New Research by a consortium at the Universities of Nottingham, Queensland and Adelaide has thrown up the possibility that koalas in South Australia may have a version of koala retrovirus hiding in their genomes that prevents infectious counterpart from getting into koala cells. The work was presented at The Microbiology Society Conference in Edinburgh earlier this year and is discussed in the BBC world services science in action programme http://www.bbc.co.uk/programmes/p04z7mjy . Koala retrovirus is thought to be the underlying cause of leukaemia and lymphoma and possibly one of the triggers for animals to develop clinical chlamydial disease but untangling the viruses pathogenesis is complicated by the fact that there are inherited copies of the viruses (endogenous retroviruses) integrated into most koalas genomes. The researchers used a technique called RNAseq where they sequenced all the transcribed RNA in lymph nodes from two groups of animals – one in QLD where KoRV is present in all animals and one in SA where KoRV is absent in some animals.
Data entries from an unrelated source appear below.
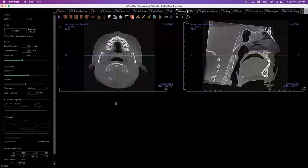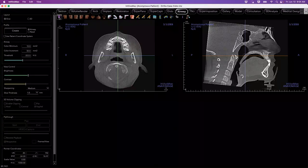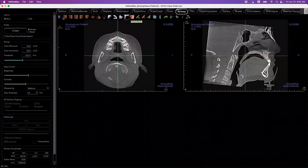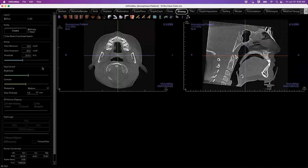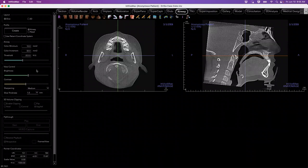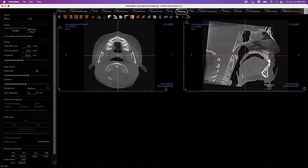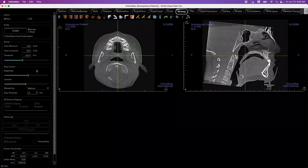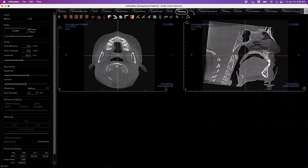If you missed our last webinar episode, here's a quick recap on our in vivo software. It is comprehensive in nature, organized by a series of tabs at the top, followed by a toolbar underneath that has tools consistent across different tabs as well as tools specific to each tab. We also have a side panel with both common features and tab-specific features. For our orthodontic webinar today, we're going to be focusing on several tabs: the airway tab, the TMJ tab, superimposition, gallery, model, and 3D analysis.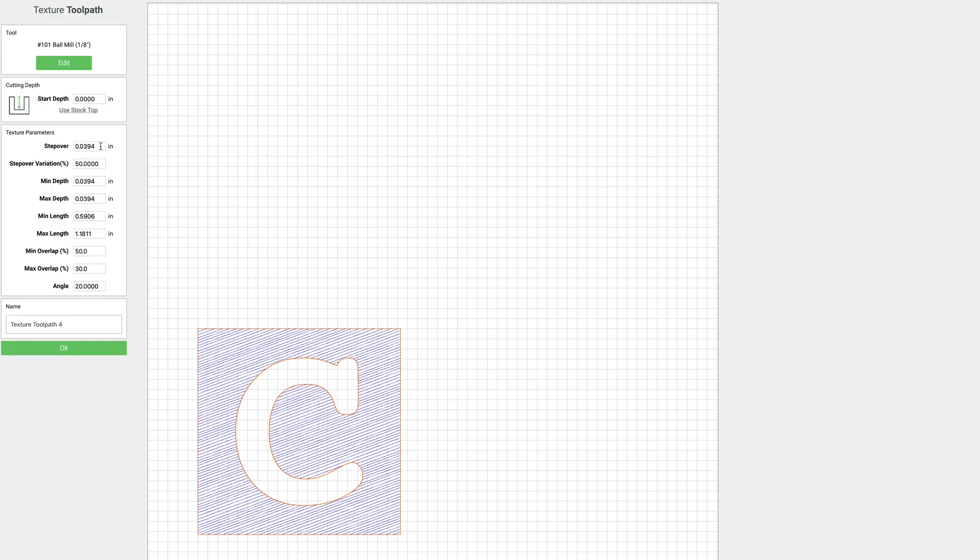So for this one, let's make our step over 0.1. And what step over is, is actually how much it steps over from each line.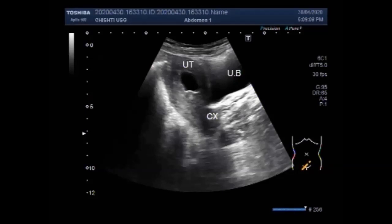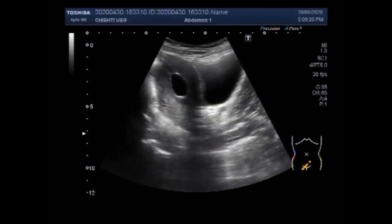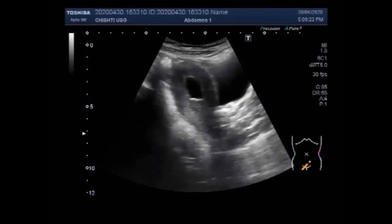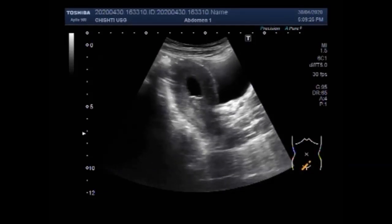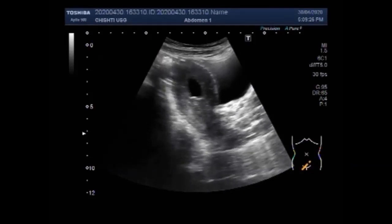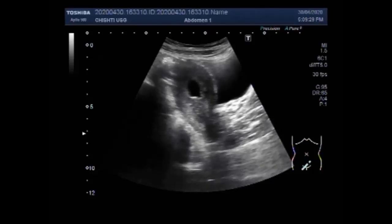An embryo is usually seen within the gestational sac by six weeks of gestation. One of the more common types of miscarriages, known as anembryonic pregnancy or empty sac or blighted ovum, happens when a gestational sac doesn't contain an embryo.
The differences between the populations were striking with QLD animals having many types of KoRV at a high viral load wheras the SA animals generally didn’t have the full virus – only a truncated version at a low viral load. This truncated virus may (as occurs in other animals such as chickens) block the full virus from infecting cells and may potentially explain the very different KoRV and Chlamydial disease patterns seen between Southern and Northern Animals. The work was funded by the QLD department of the Environment and Heritage and forms part of the PhD studies of Nishat Sarkar (UQ) and Jess Fabijan (UA).

Contact Rachael.tarlinton@nottingham.ac.uk for further information.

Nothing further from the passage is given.